[Stored data]

*****

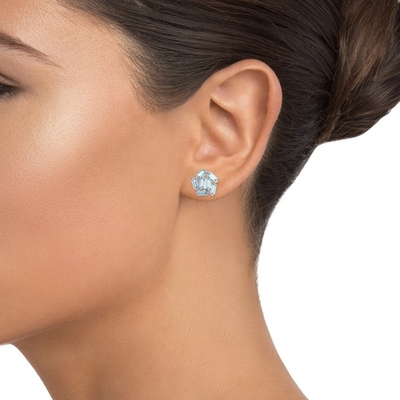 Anting -anting stud cluster baguette garnet cluster emas putih khusus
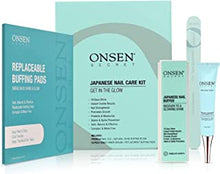 Onsen Secret Japanese Nail Buffer & Shine Kit - Professional Nail File, 3-Way Nail Buffer Block with Free Replacement Pads & Nail Strengthening Cuticle Cream for Healthy Nails, Travel Size Nail kit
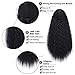 AISI QUEENS Clip-in Bangs, Straight, Natural, Curly Human Hair, Black, 8 inches, Clip-on Fringe Bangs with Temples, One Piece Hairpiece
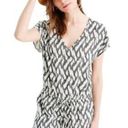 J.Crew  Linen Blend Short Sleeve Romper w/ pockets in Black White Ikat Print, XS Photo 15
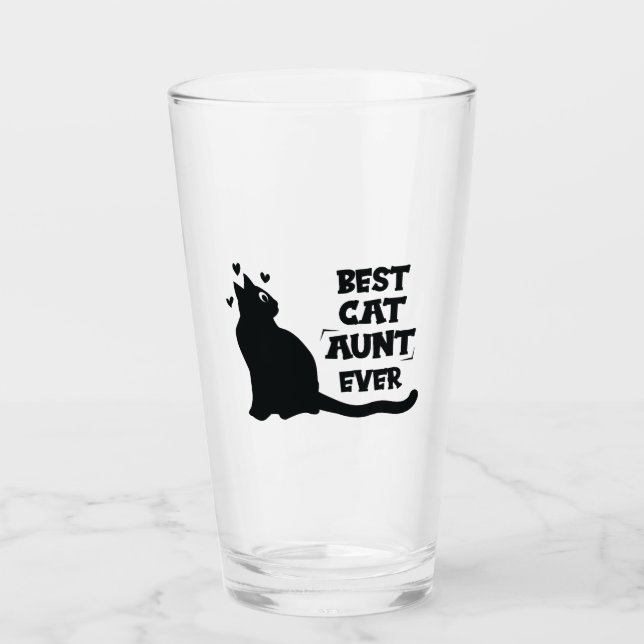 Best Cat Aunt Ever Cat Lover Glass (Front)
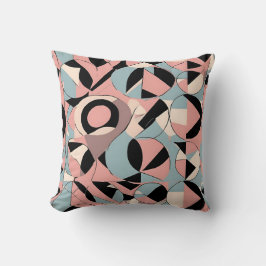 Levendig blauwgroen en mosterd geometrisch patroon kussen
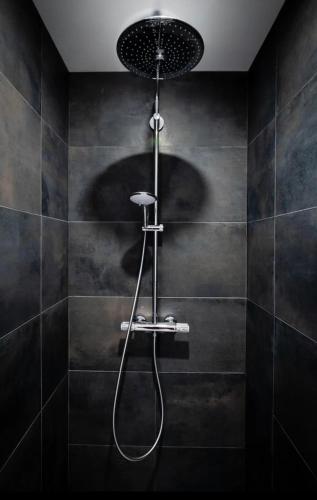 une douche avec pommeau de douche dans une salle de bain dans l'établissement La villa du lac Biscarosse, à Biscarrosse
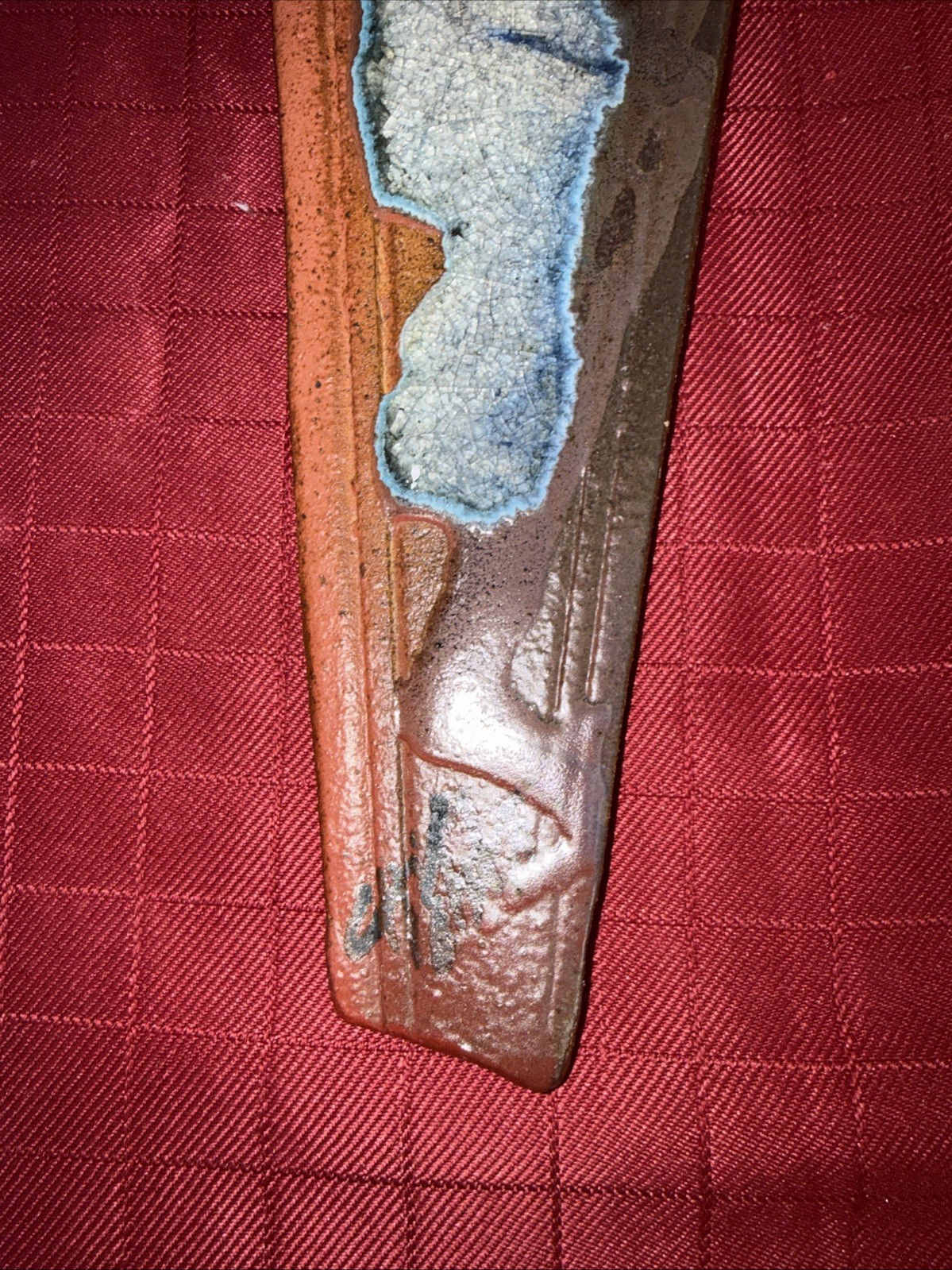 Handcrafted Reddish Brown Clay/Stone Hanging Art Piece Artist Signed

*****

§ DESCRIPTION OF THE TASK
Starting at the line that holds "une douche avec", print each line through the last one of the entries above, exactly and with both ends included; no pictures.

§ REPLY TO THE EXERCISE
 une douche avec pommeau de douche dans une salle de bain dans l'établissement La villa du lac Biscarosse, à Biscarrosse
 Handcrafted Reddish Brown Clay/Stone Hanging Art Piece Artist Signed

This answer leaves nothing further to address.